While on the subject: the Revival Joy church-building around the corner is in scaffolding. Between the metal bars, one of those canvases announcing that building company X or Y is working here. And another one, of the church itself: "See, Jesus makes everything anew".

Can't help wonderin' how the construction workers feel about JC getting all the credits ...
0 Replies
 
Diane
 
  1  
Reply Sat 11 Sep, 2004 05:09 pm
Nimh, this church is fascinating. Have you noticed any increase of religious ferver in Holland in general or is this just a little US church trying to spread the word?

Is the canvas in Dutch or English?

Smiling today after seeing a beautiful baby in a shopping cart that was filled with flowers. She looked like that was where she has always lived--a little thing of beauty.
0 Replies
 
Joahaeyo
 
  1  
Reply Sat 11 Sep, 2004 05:54 pm
I wasn't even there to see the baby, and that made me smile. Smile
0 Replies
 
nimh
 
  1  
Reply Sun 12 Sep, 2004 02:15 pm
In Maus, Art Spiegelman draws himself feeling torn, talking to his therapist. He's shrunk into the chair, drawn the size of a little kid.

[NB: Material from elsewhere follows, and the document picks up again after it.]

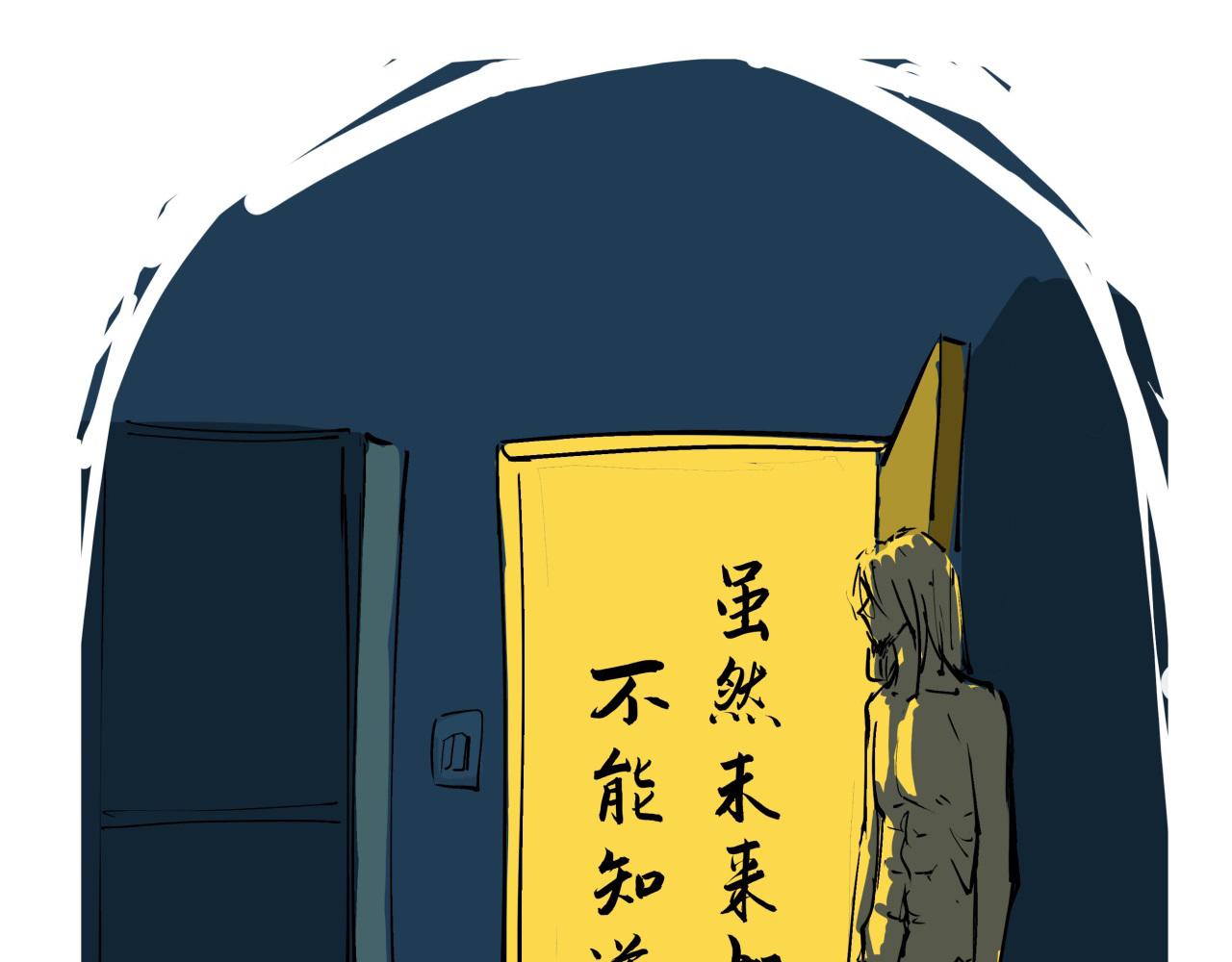 第83话 鬼迷心窍205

"Samuel Beckett once said", he tells his therapist in one frame, "Every word is an unnecessary stain on the silence and the nothing".

Silence. The men smoke. Deep.

"But still he said it", the kid notes, and time stumbles up again, the conversation newly triggered.
0 Replies
 
nimh
 
  1  
Reply Sun 12 Sep, 2004 02:21 pm
Quote:
Nimh, this church is fascinating. Have you noticed any increase of religious ferver in Holland in general or is this just a little US church trying to spread the word?

Is the canvas in Dutch or English?

Canvas is in Dutch ("Zie, Jezus maakt alles nieuw").

Did I ever mention the huge neon sign opposite Amsterdam Central Station, on top of what I believe is a Salvation Army building or church or something? It's bilingual. In English, it says, "Jesus Loves You". In Dutch, it says, "God Calls Upon You". Hhmmmmmm .... Razz

I actually know very little about this Revival Joy church thing. An American guy once approached us at the canal, talking about his happiness at finding God again and so on, he was from that place. They have a cheerfully painted van, and I think they serve meals or something (in any case, they give out day-old bread) to the poor/homeless.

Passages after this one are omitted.